The emergence of comparative effectiveness has led to a renewed interest in the role of observational studies for assessing the benefits and harms of alternative interventions. Observational studies compare outcomes between patients who receive different interventions through some process other than investigator randomization. Most commonly, this process is the natural variation in clinical care, although observational studies also can take advantage of natural experiments, where higher-level changes in care delivery (eg, changes in state policy or changes in hospital unit structure) lead to changes in intervention exposure between groups. Observational studies can enroll patients by exposure (eg, type of intervention) using a cohort design or outcome using a case-control design. Cohort studies can be performed prospectively, where participants are recruited at the time of exposure, or retrospectively, where the exposure occurred before participants are identified.
The strengths and limitations of observational studies for clinical effectiveness research have been debated for decades.7,17 Because the incremental cost of including an additional participant is generally low, observational studies often have relatively large numbers of participants who are more representative of the general population. Large, diverse study populations make the results more generalizable to real-world practice and enable the examination of variation in effect across patient subgroups. This advantage is particularly important for understanding effectiveness among vulnerable populations, such as racial minorities, who are often underrepresented in RCT participants. Observational studies that take advantage of existing data sets are able to provide results quickly and efficiently, a critical need for most CER. Currently, observational data already play an important role in influencing guidelines in many areas of oncology, particularly around prevention (eg, nutritional guidelines, management of BRCA1/2 mutation carriers)18,19 and the use of diagnostic tests (eg, use of gene expression profiling in women with node-negative, estrogen receptor–positive breast cancer).20
However, observational studies also have important limitations.

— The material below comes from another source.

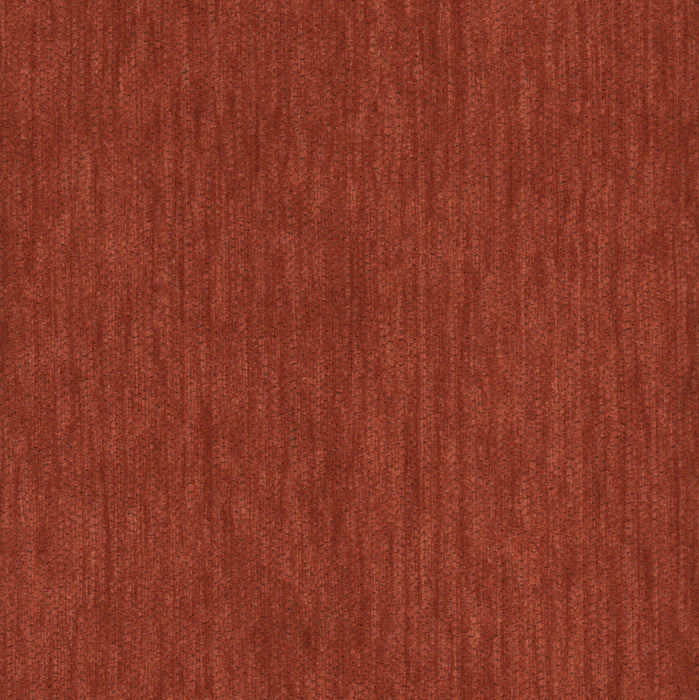 Carmen - Faux Velvet Upholstery Fabric - Swatch / Terracotta - Revolution Upholstery Fabric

Observational studies are only feasible if the intervention of interest is already being used in clinical practice; they are not possible for evaluation of new drugs or devices. Observational studies are subject to bias, including performance bias, detection bias, and selection bias.17,21 Performance bias occurs when the delivery of one type of intervention is associated with generally higher levels of performance by the health care unit (ie, health care quality) than the delivery of a different type of intervention, making it difficult to determine if better outcomes are the result of the intervention or the accompanying higher-quality health care. Detection bias occurs when the outcomes of interest are more easily detected in one group than another, generally because of differential contact with the health care system between groups. Selection bias is the most important concern in the validity of observational studies and occurs when intervention groups differ in characteristics that are associated with the outcome of interest.
These differences can occur because a characteristic is part of the decision about which treatment to recommend (ie, disease severity), which is often termed confounding by indication, or because it is correlated with both intervention and outcome for another reason. A particular concern for CER of therapies is that some new agents may be more likely to be used in patients for whom established therapies have failed and who are less likely to be responsive to any therapy.
There are two main approaches for addressing bias in observational studies. First, important potential confounders must be identified and included in the data collection. Measured confounders can be addressed through multivariate and propensity score analysis. A telling example of the importance of adequate assessment of potential confounders was found through examination of the observational studies of hormone replacement therapy (HRT) and coronary heart disease (CHD). Meta-analyses of observational studies had long estimated a substantial reduction in CHD risk with the use of postmenopausal HRT. However, the WHI (Women’s Health Initiative) trial, a large, double-blind RCT of postmenopausal HRT, found no difference in CHD risk between women assigned to HRT or placebo. Although this apparent contradiction is often used as general evidence against the validity of observational studies, a re-examination of the observational studies demonstrated that studies that adjusted for measures of socioeconomic status (a clear confounder between HRT use and better health outcomes) had results similar to those of the WHI, whereas studies that did not adjust for socioeconomic status found a protective effect with HRT22 (Fig 2).
The use of administrative data sets for observational studies of comparative effectiveness is likely to become increasingly common as health information technology spreads, and data become more accessible; however, these data sets may be particularly limiting in their ability to include data on potential confounders. In some cases, the characteristics that influence the treatment decision may not be available in the data (eg, performance status, tumor gene expression), making concerns about confounding by indication too high to proceed without adjusting data collection or considering a different question.